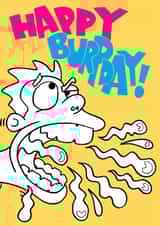 Happy Burpday! created by Studio Beastly.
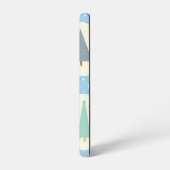 kerstboompatroon samsung galaxy hoesje (Linkerkant)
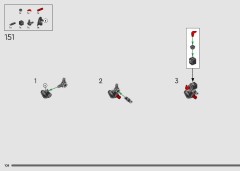 LEGO 42223 instructions page 108 – build guide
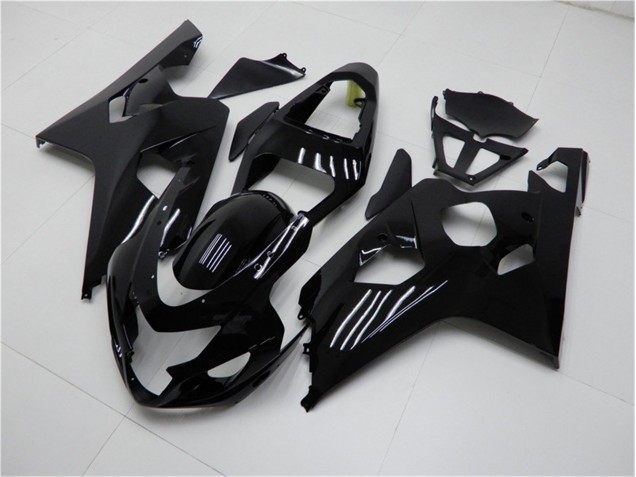 Lucido Nero Carene Moto Suzuki GSXR 600 / 750 K4 04-05 Lucido Nero Carene Moto Suzuki GSXR 600 / 750 K4 04-05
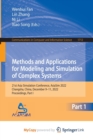 Image for Methods and Applications for Modeling and Simulation of Complex Systems : 21st Asia Simulation Conference, AsiaSim 2022, Changsha, China, December 9-11, 2022, Proceedings, Part I
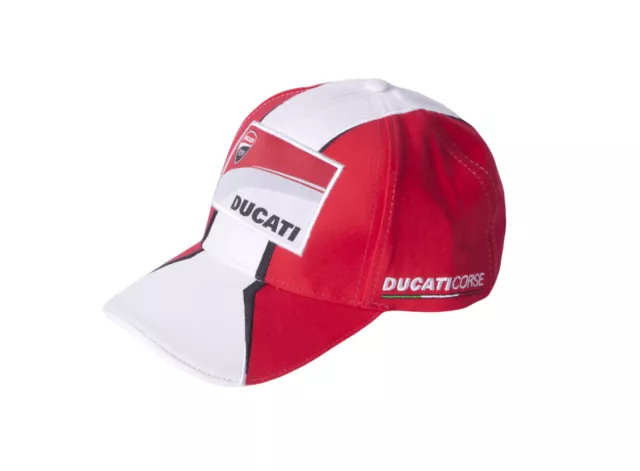 Official Ducati Corse Motogp Team Cap - 13 46009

-=-=-=-=-

Reproduce every line above as written, skipping pictures.

**The completed task**
 Happy Burpday! created by Studio Beastly.
 kerstboompatroon samsung galaxy hoesje (Linkerkant)
 LEGO 42223 instructions page 108 – build guide
 Lucido Nero Carene Moto Suzuki GSXR 600 / 750 K4 04-05 Lucido Nero Carene Moto Suzuki GSXR 600 / 750 K4 04-05
 Image for Methods and Applications for Modeling and Simulation of Complex Systems : 21st Asia Simulation Conference, AsiaSim 2022, Changsha, China, December 9-11, 2022, Proceedings, Part I
 Official Ducati Corse Motogp Team Cap - 13 46009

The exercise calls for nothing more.